### Part of Understanding Hinton’s Capsule Networks Series:

- Part 1: Intuition
- Part 2: How Capsules Work (you are reading it now)
- Part 3: Dynamic Routing Between Capsules
- Part 4: CapsNet Architecture

## Introduction

In Part 1 of this series on capsule networks, I talked about the basic intuition and motivation behind the novel architecture. In this part, I will describe, what capsule is and how it works internally as well as intuition behind it. In the next part I will focus mostly on the dynamic routing algorithm.

## What is a Capsule?

In order to answer this question, I think it is a good idea to refer to the first paper where capsules were introduced — “Transforming Autoencoders” by Hinton et al. The part that is important to understanding of capsules is provided below:

“Instead of aiming for viewpoint invariance in the activities of “neurons” that use a single scalar output to summarize the activities of a local pool of replicated feature detectors, artificial neural networks should use local “capsules” that perform some quite complicated internal computations on their inputs and then encapsulate the results of these computations into a small vector of highly informative outputs. Each capsule learns to recognize an implicitly defined visual entity over a limited domain of viewing conditions and deformations and it outputs both the probability that the entity is present within its limited domain and a set of “instantiation parameters” that may include the precise pose, lighting and deformation of the visual entity relative to an implicitly defined canonical version of that entity. When the capsule is working properly, the probability of the visual entity being present is locally invariant — it does not change as the entity moves over the manifold of possible appearances within the limited domain covered by the capsule. The instantiation parameters, however, are “equivariant” — as the viewing conditions change and the entity moves over the appearance manifold, the instantiation parameters change by a corresponding amount because they are representing the intrinsic coordinates of the entity on the appearance manifold.”

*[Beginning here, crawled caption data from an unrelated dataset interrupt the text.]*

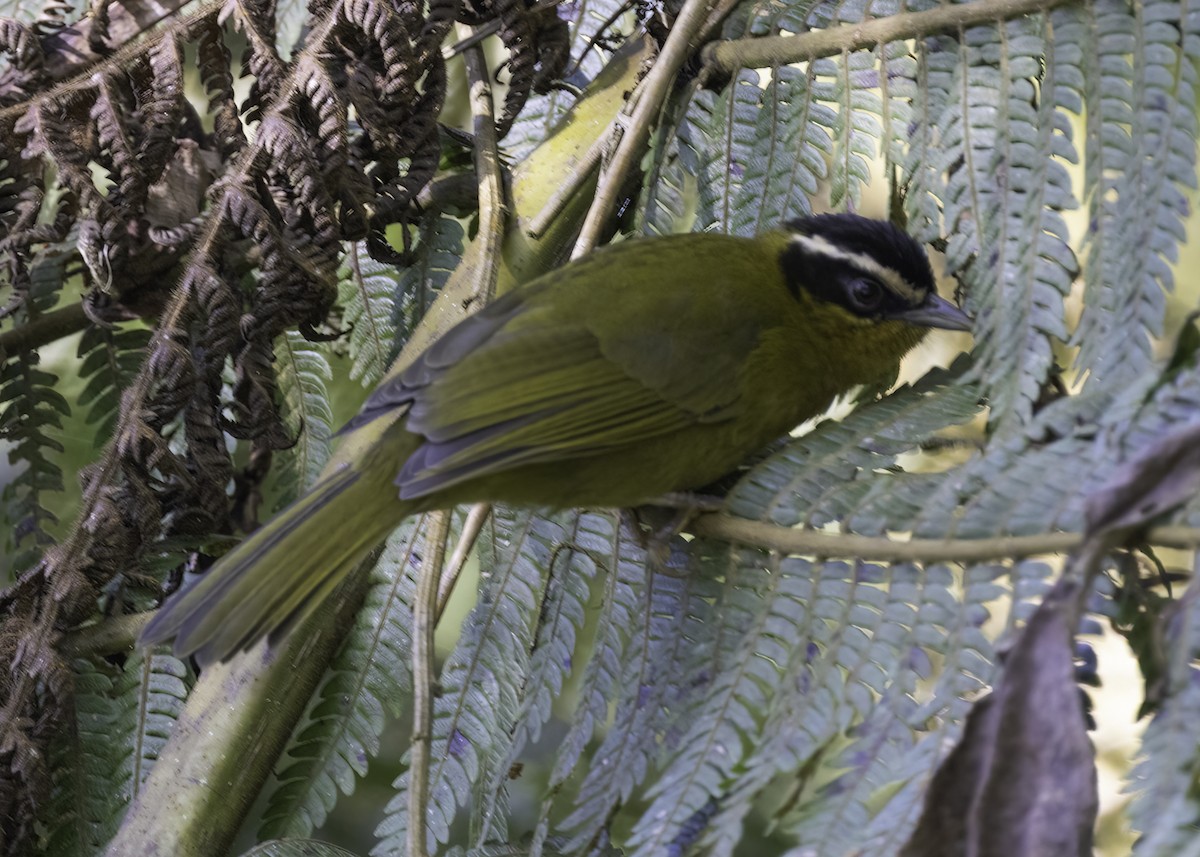 Зеленяр білобровий - ML647001087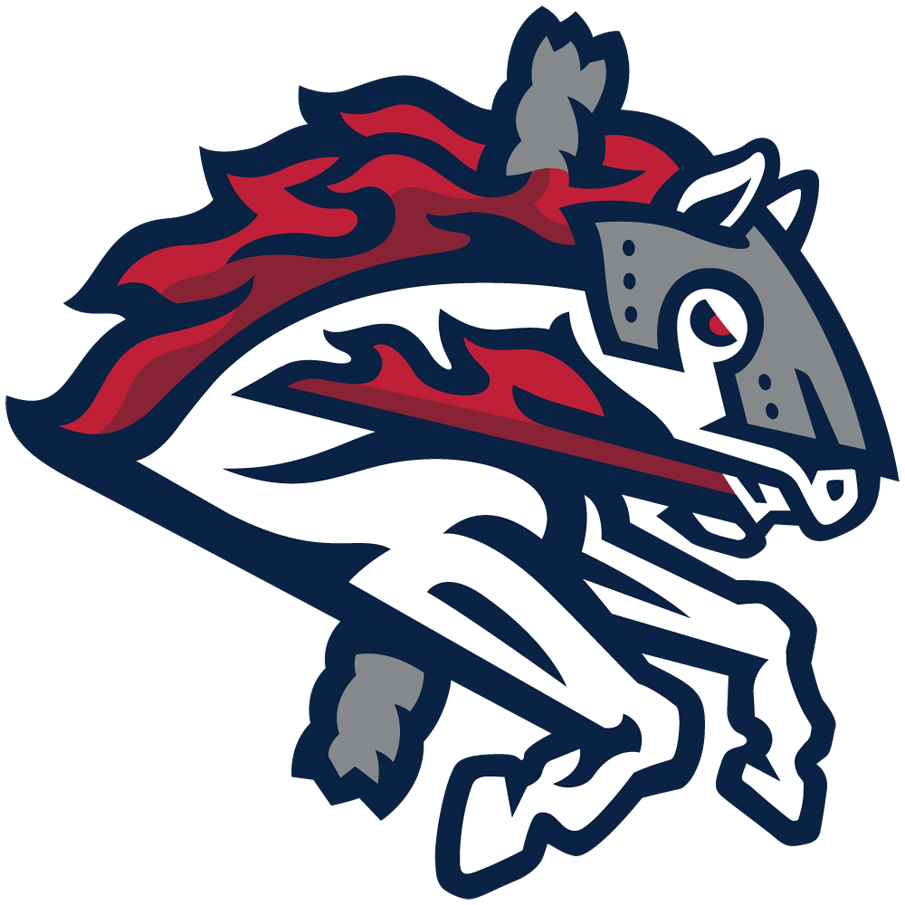 Binghamton Rumble Ponies 2017-Pres Alternate Logo v2 iron on heat transfer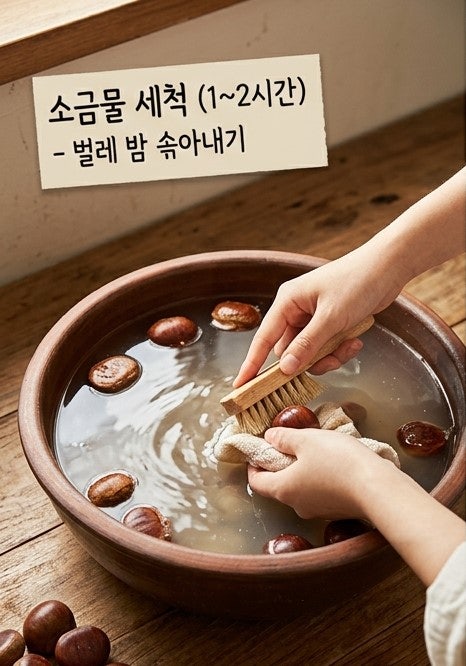 추석 때 받은 생밤, 그냥 두면 벌레 생겨요! 썩지 않고 더 달콤해지는 생밤 보관법 (냉동/냉장....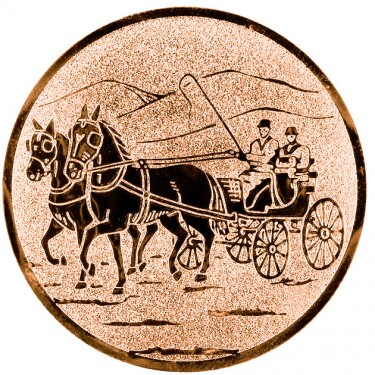 Rider (driving) medal insert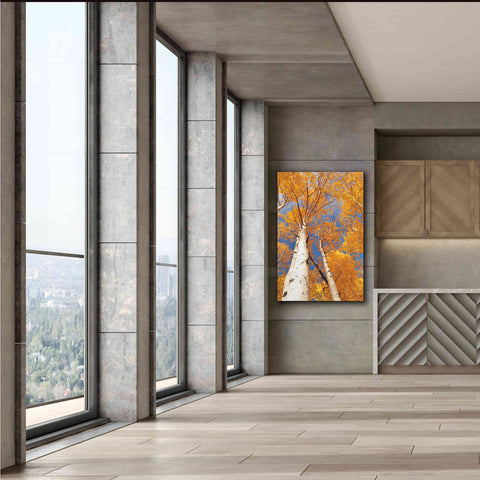 Image of 'Aspen I' by Lori Deiter, Canvas Wall Art,40 x 60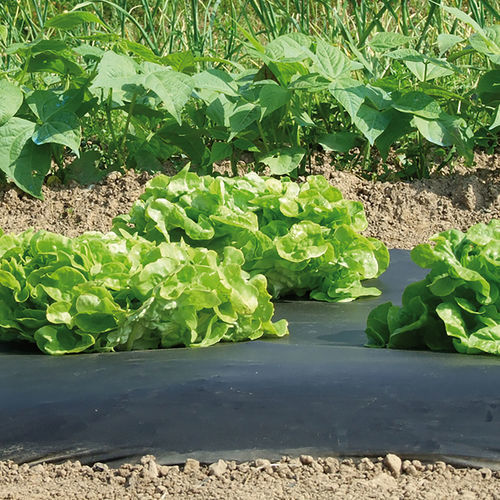 Film de acolchamiento - Vilmorin Jardin (Vilmorin Garden/ VDB) - de plástico / biodegradable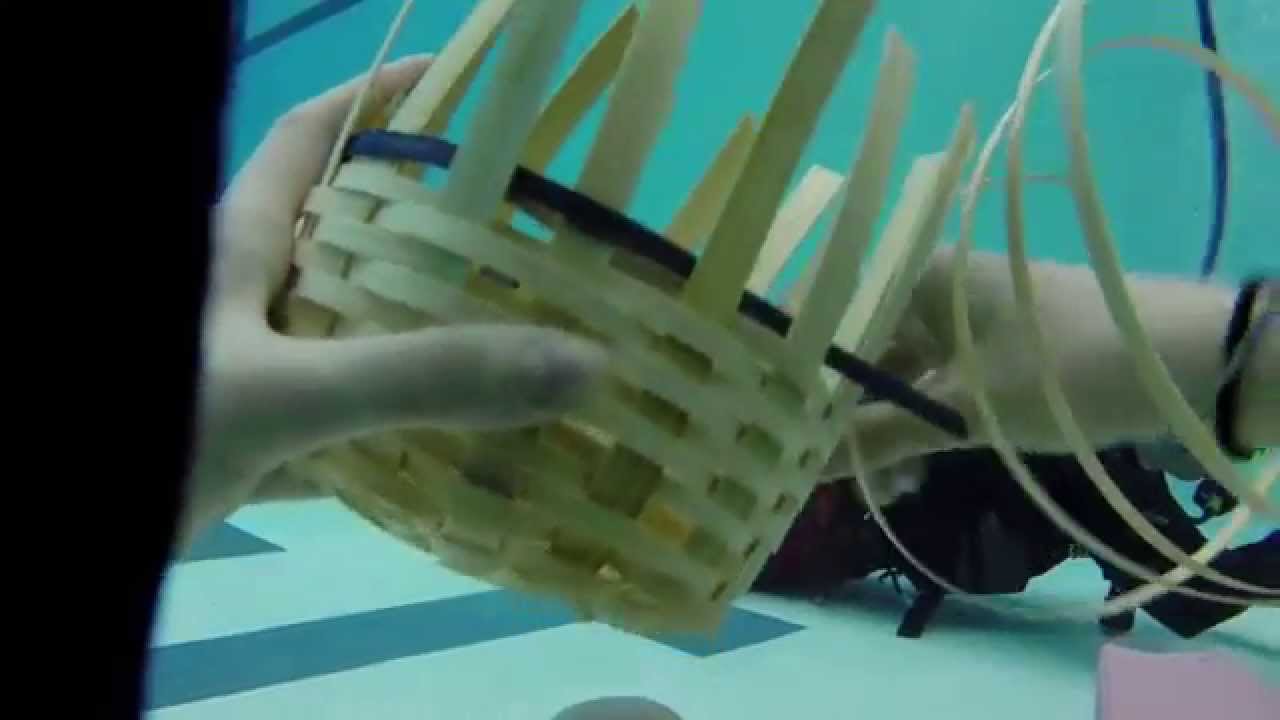 Image result for underwater basket weaving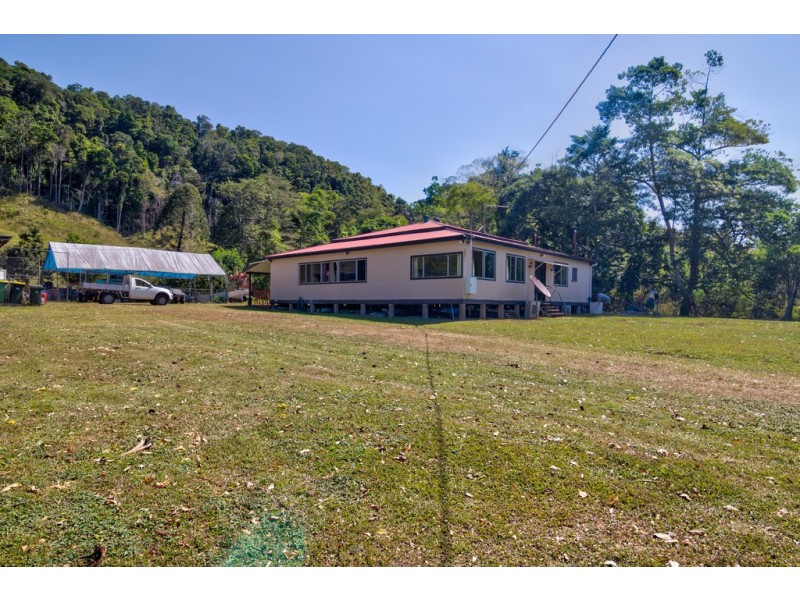 3391 MOSSMAN DAINTREE ROAD, Daintree QLD 4873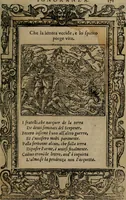 An illustration from Diverse imprese accomodate a diverse moralità, co versi che i loro significati dichiarano insieme con molte altre mella lingua italiana non piu tradotte (1576)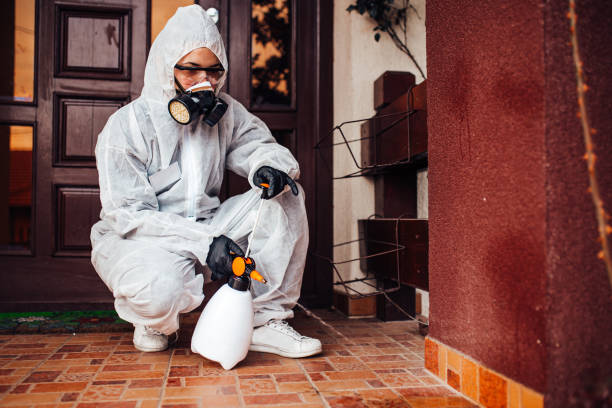 Reliable Rodent Control contractor in Santa Ana Pueblo, NM by Nex Pest Control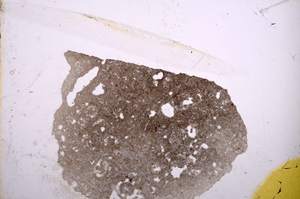 Plane Polarized, E11863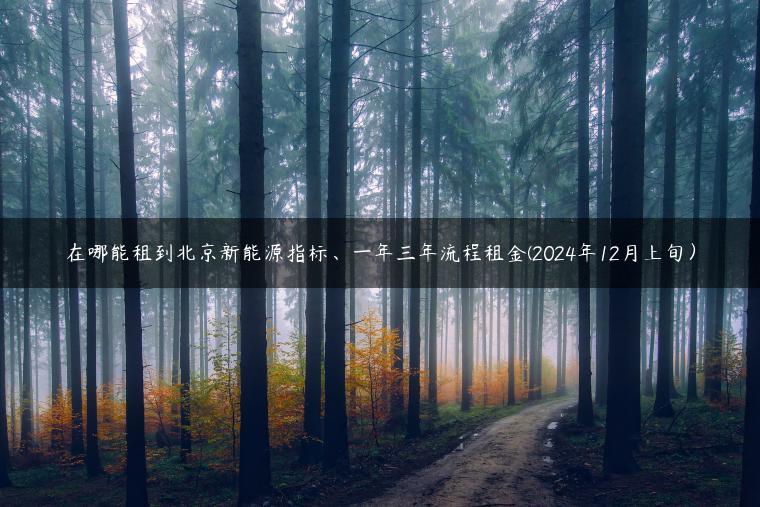 在哪能租到北京新能源指标、一年三年流程租金(2024年12月上旬）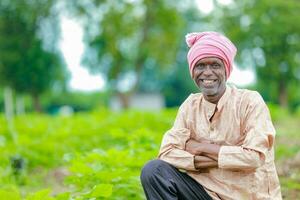 Farmer holding a cotton tree in a cotton field, cotton tree, holding Leaf in India photo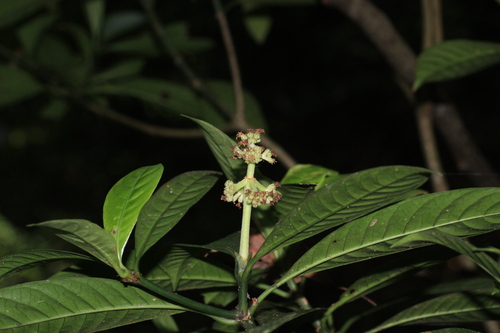 Psychotria anamallayana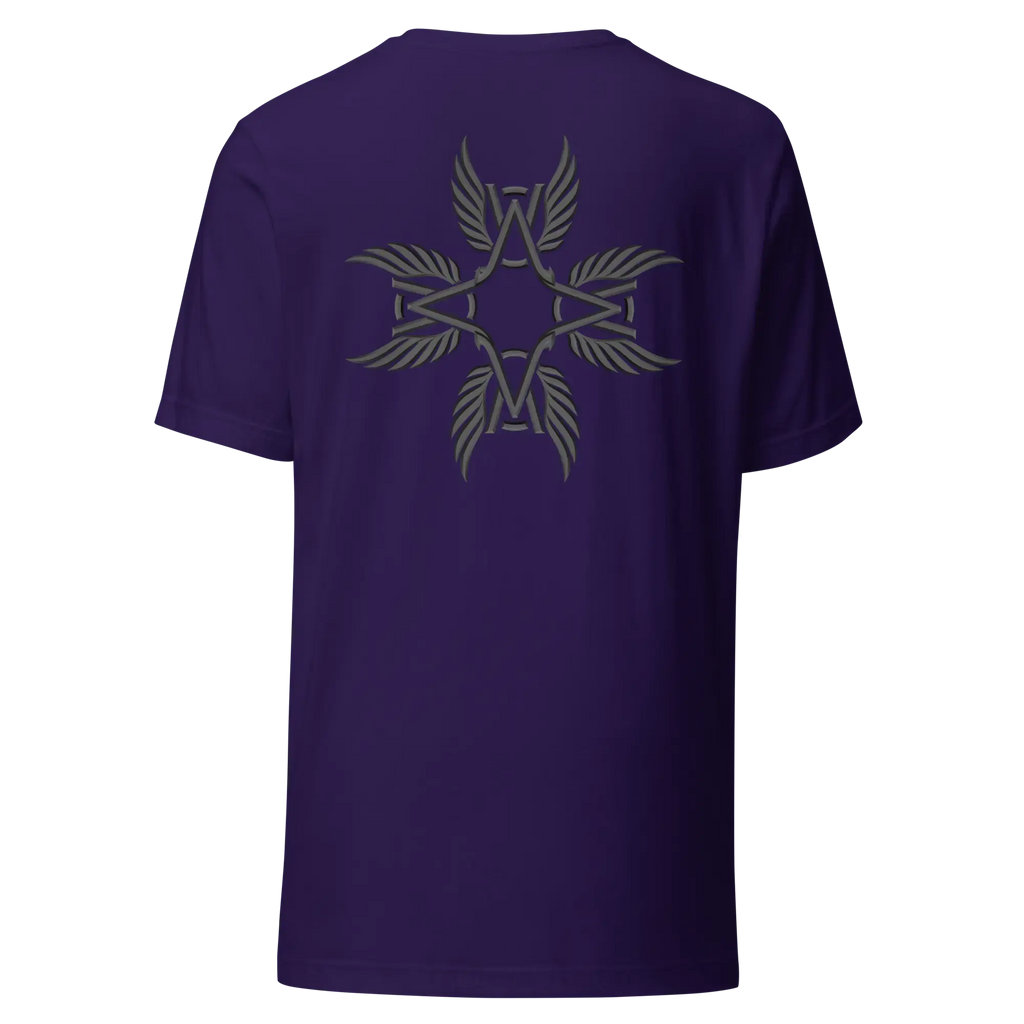 T-shirt Apex Wing Star - Windsurf Addict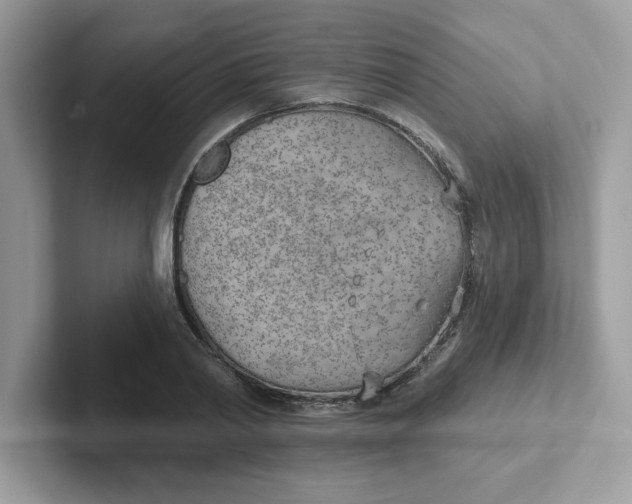 X0000101470790200807281018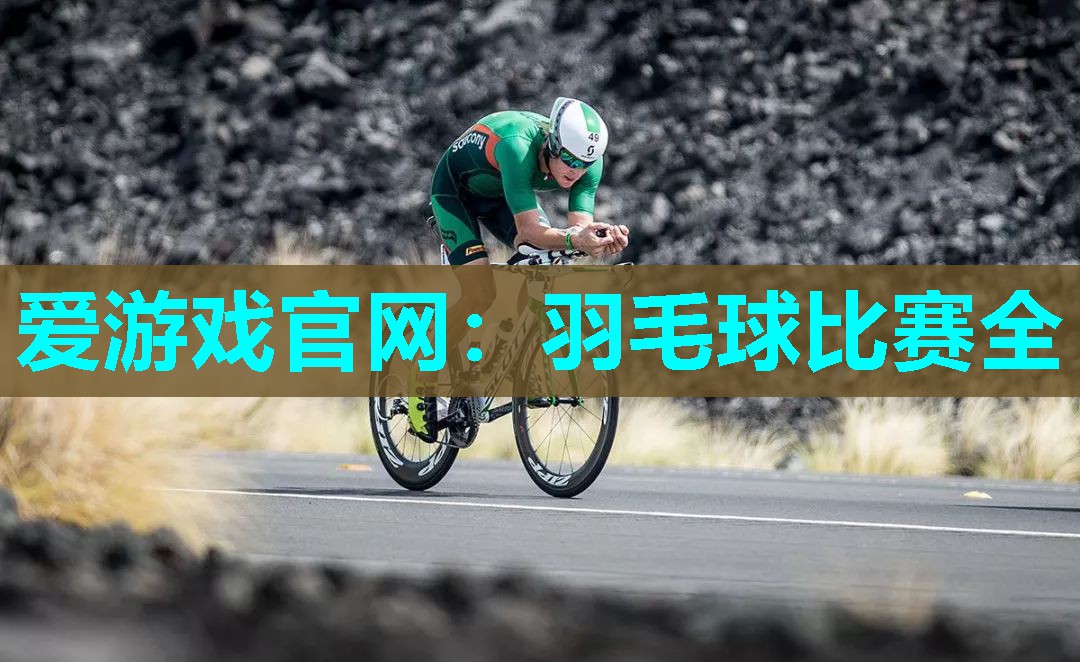 羽毛球比赛全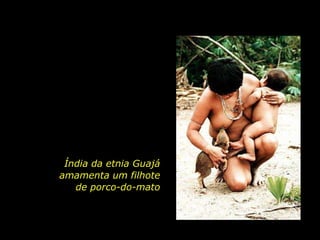 Índia da etnia Guajá                     amamenta um filhote                de porco-do-mato 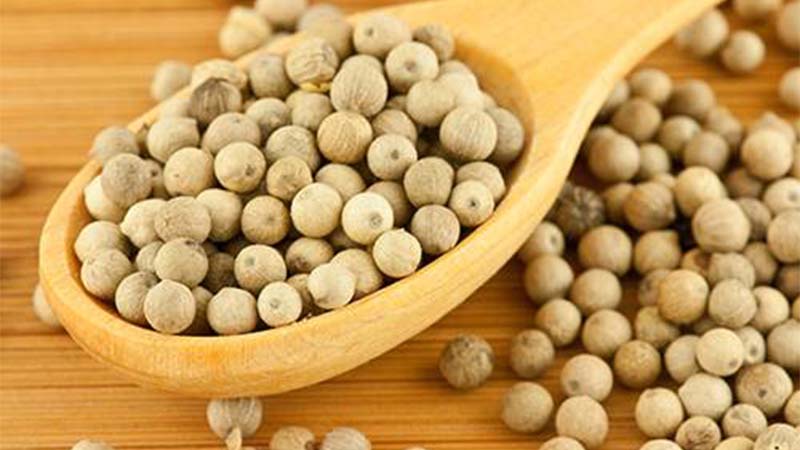 Giá tiêu hôm nay 11/2/2022 trong nước Giá tiêu hôm nay 11/2/2022 trong nước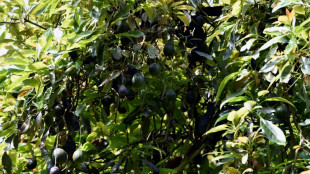 Mexique: au Michoacan, tuerie et culture d'avocats en terrain min&eacute;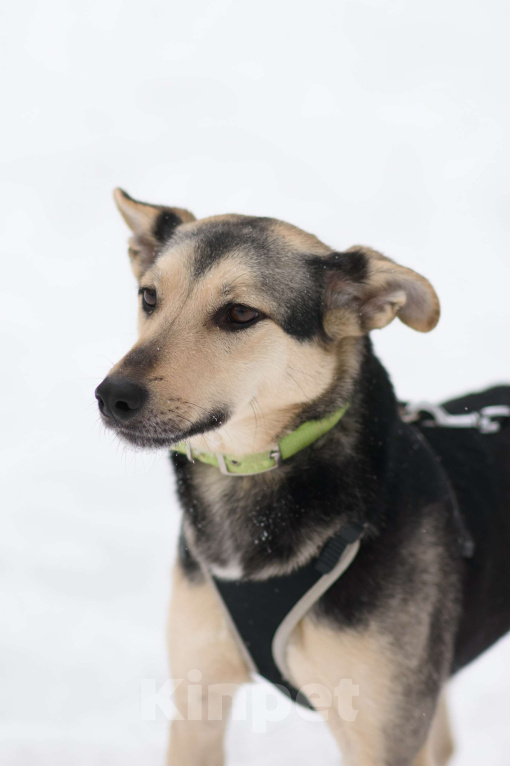 Собаки в Москве: Гуччи Мальчик, Бесплатно - фото 3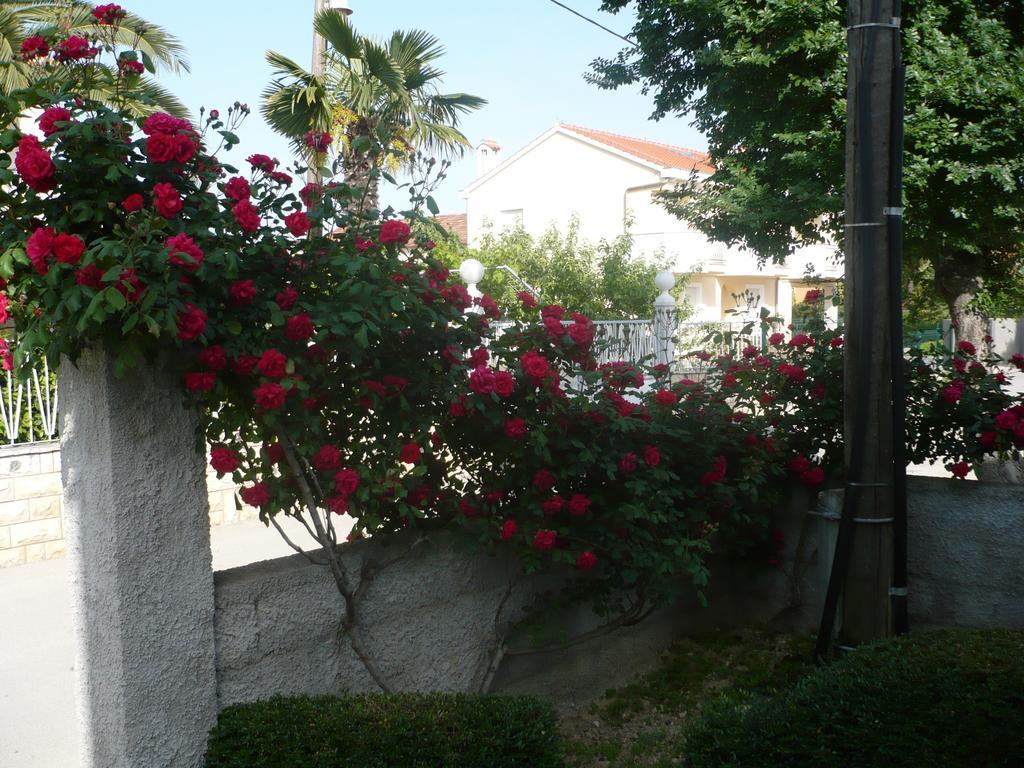 Rose Apartment Zadar Zimmer foto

The paragraph above is very dense, and it took me a while to figure out what it means, sentence by sentence. Below is my version of the above paragraph, as I understand it:

Artificial neurons output a single scalar. In addition, CNNs use convolutional layers that, for each kernel, replicate that same kernel’s weights across the entire input volume and then output a 2D matrix, where each number is the output of that kernel’s convolution with a portion of the input volume. So we can look at that 2D matrix as output of replicated feature detector. Then all kernel’s 2D matrices are stacked on top of each other to produce output of a convolutional layer.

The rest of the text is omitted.